How to address the data transfer challenges

While there can be many challenges, in general, when it comes to sharing data with outsourcers working on your critical data analytics, AI, or other IT projects, the benefits of outsourcing may be well worth the hassle. At a time when tech talent shortages continue and technology is becoming increasingly more complex but critical to business growth, outsourcing IT projects can be the best solution to accelerate digital transformation more cost-effectively and efficiently.

With a greater understanding of data transfer requirements, here are best practices to ensure compliance, as well as a successful outsourcing partnership.

Do your research. When considering outsourcing as a viable model, conduct extensive research and fully understand the requirements and regulations of your industry, your country, and the countries where you may be doing business. Often, legal teams and consultants can be good partners to help you ensure compliance.

Consider the nearshore approach. When transferring data outside the country is not an option, a good way to outsource IT projects is to work with an outsourcing partner in your own country. Nearshoring to Puerto Rico, for example, provides U.S. organizations with the best of both worlds: world-class IT experts and an outsourcing partner to handle your projects that follows all the same rules and regulations, since it’s a U.S. territory.

Use synthetic data for data-driven projects. For machine learning and other AI projects that require lots of datasets, synthetic data that is artificially generated helps you avoid data-privacy issues, since it does not use real-world personal data but still can be used to effectively train solutions. It’s important to note, however, that while development can be done with synthetic data, with many regulated industries, testing and implementation must be done within the U.S.

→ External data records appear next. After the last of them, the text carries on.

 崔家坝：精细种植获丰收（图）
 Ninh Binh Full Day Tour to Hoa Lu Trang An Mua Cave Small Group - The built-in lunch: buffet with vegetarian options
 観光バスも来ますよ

Ask the right questions of your outsourcing candidates. Before selecting an outsourcing partner, you should be aware of your data transfer regulations and restrictions, and if you’re able to partner with the firm, make sure to fully understand its data protection policies and protocols. Inquire about where they store data, how they manage data, and, equally as important, how they destroy data when the project ends. Also ask how staff is trained on data protection best practices. At Wovenware, we create virtual machines to manage and process data and develop customer solutions. Once the project ends, those virtual machines and backup systems are destroyed.

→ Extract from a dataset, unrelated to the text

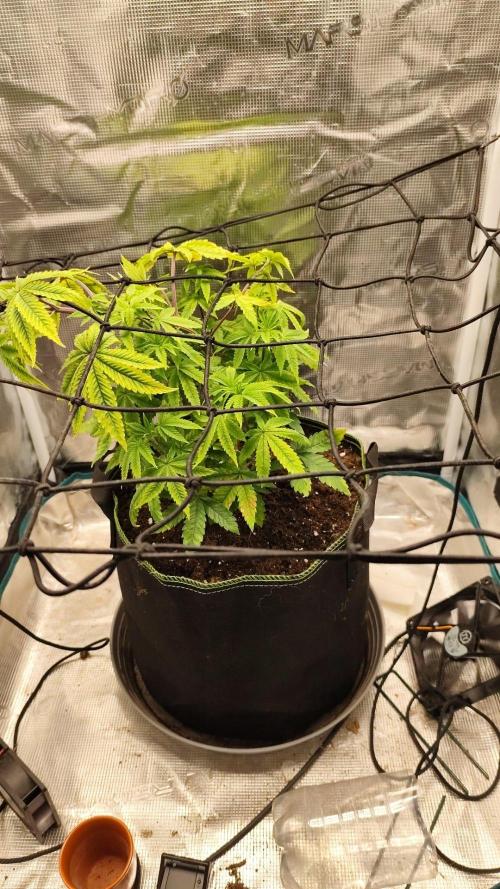 Seedoos 2: Coconut cream. Week 7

The effective transfer, flow, and accumulation of relevant data is essential to the development of today’s digital solutions, but data transfer regulations and industry compliance requirements can put a halt to many forms of outsourcing. It pays to arm yourself with an understanding of your country, state, or industry’s laws and create your own data transfer and privacy policies and best practices to preserve the integrity of data—the true lifeblood to effective AI and software.